Os brasileiros acumulam atualmente 345 milhões de dívidas em aberto, que somam mais de R$ 579 bilhões. Em média, cada consumidor inadimplente deve o equivalente a quatro vezes o salário mínimo, enquanto metade da população adulta do país está com restrições no CPF.
Segundo a porta-voz da Serasa, Laís Kiyusato, o aumento da inadimplência na Bahia acompanha uma tendência observada em todo o país e reflete o impacto das condições econômicas sobre o orçamento das famílias.
"O aumento na Bahia acompanha uma tendência nacional, refletida pela combinação de fatores macroeconômicos que vêm pressionando o orçamento das famílias. Inflação, juros altos e o uso recorrente do cartão de crédito para despesas do dia a dia contribuem para esse cenário."

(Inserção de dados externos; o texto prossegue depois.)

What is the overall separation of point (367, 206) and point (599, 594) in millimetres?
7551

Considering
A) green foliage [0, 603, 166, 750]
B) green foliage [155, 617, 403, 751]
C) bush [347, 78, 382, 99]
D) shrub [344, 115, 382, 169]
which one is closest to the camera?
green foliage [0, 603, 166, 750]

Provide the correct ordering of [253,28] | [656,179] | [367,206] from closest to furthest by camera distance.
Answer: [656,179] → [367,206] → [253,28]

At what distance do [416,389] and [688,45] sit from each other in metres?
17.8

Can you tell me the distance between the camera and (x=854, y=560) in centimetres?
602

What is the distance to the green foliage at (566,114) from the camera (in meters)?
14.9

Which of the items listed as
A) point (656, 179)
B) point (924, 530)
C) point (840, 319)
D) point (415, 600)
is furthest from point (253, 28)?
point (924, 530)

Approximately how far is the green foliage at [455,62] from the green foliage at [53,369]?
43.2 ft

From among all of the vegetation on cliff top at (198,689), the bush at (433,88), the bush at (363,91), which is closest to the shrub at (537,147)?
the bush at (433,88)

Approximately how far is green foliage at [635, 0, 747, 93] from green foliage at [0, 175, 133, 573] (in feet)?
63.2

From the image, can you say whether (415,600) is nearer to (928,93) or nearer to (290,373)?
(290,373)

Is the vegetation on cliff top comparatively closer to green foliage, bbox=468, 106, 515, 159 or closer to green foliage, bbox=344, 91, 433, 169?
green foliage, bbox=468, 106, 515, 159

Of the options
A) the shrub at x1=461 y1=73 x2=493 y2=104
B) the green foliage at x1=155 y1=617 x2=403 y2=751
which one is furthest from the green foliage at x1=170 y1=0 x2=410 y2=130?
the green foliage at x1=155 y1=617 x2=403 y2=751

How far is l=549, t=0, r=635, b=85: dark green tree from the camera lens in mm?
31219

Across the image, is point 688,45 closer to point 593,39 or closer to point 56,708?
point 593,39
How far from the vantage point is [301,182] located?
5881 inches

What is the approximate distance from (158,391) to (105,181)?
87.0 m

Apesar da alta, a especialista destaca que o ritmo de crescimento é menor do que o registrado no início do ano.
"O que vale destacar é que, com essa alta, o ritmo de crescimento segue mais lento do que no início do ano. Isso reforça a importância de manter as contas organizadas e antecipar a negociação dos débitos para evitar o efeito bola de neve."
De acordo com a Serasa, a concentração de consumidores negativados em cidades como Salvador e Feira de Santana é esperada, já que são os maiores polos populacionais e econômicos da Bahia.
Entre os principais fatores que levam ao endividamento estão a perda de renda e o desemprego.
"Quando todos esses elementos se combinam, a margem que o consumidor tem para honrar os compromissos financeiros se estreita e o atraso se torna mais provável."
O levantamento mostra que as dívidas com bancos e cartões de crédito representam 32,2% do total de débitos em aberto. Em seguida aparecem as financeiras (22,7%) e o varejo (14,4%).
Segundo Laís, o cartão de crédito e o cheque especial exigem atenção especial por causa das altas taxas de juros.
"O cartão de crédito e o cheque especial concentram os maiores riscos porque têm os juros mais altos do mercado. Quando o consumidor paga apenas o valor mínimo da fatura, entra no crédito rotativo e a dívida cresce muito rapidamente, mesmo sem novas compras."
Ela recomenda que esse tipo de dívida seja priorizado no momento da negociação.
A pesquisa aponta que a faixa etária entre 41 e 60 anos concentra o maior número de inadimplentes. No entanto, o crescimento mais acelerado ocorre entre pessoas com mais de 60 anos.
"É um grupo que ampliou significativamente sua participação na última década, em parte porque está mais exposto ao ambiente digital e aos riscos de fraude."
Outro dado que chama a atenção é a mudança no perfil dos consumidores negativados. Pela primeira vez, as mulheres passaram a representar a maioria entre os inadimplentes.
"Esse movimento está associado ao fato de muitas mulheres serem as principais responsáveis pelas contas do lar."
Para a porta-voz da Serasa, negociar a dívida continua sendo a melhor alternativa para quem enfrenta dificuldades financeiras.
"Negociar uma dívida sempre será o melhor caminho, mesmo que não seja possível quitar tudo de uma vez. O consumidor pode parcelar o débito em condições compatíveis com o orçamento e interromper o crescimento da dívida com juros e multas."
Ela ressalta, porém, que o acordo só é eficaz se as parcelas realmente couberem no orçamento familiar.
"O mais importante é que a parcela acordada seja compatível com a renda para que o acordo seja cumprido até o fim, já que um acordo não pago pode levar novamente à negativação."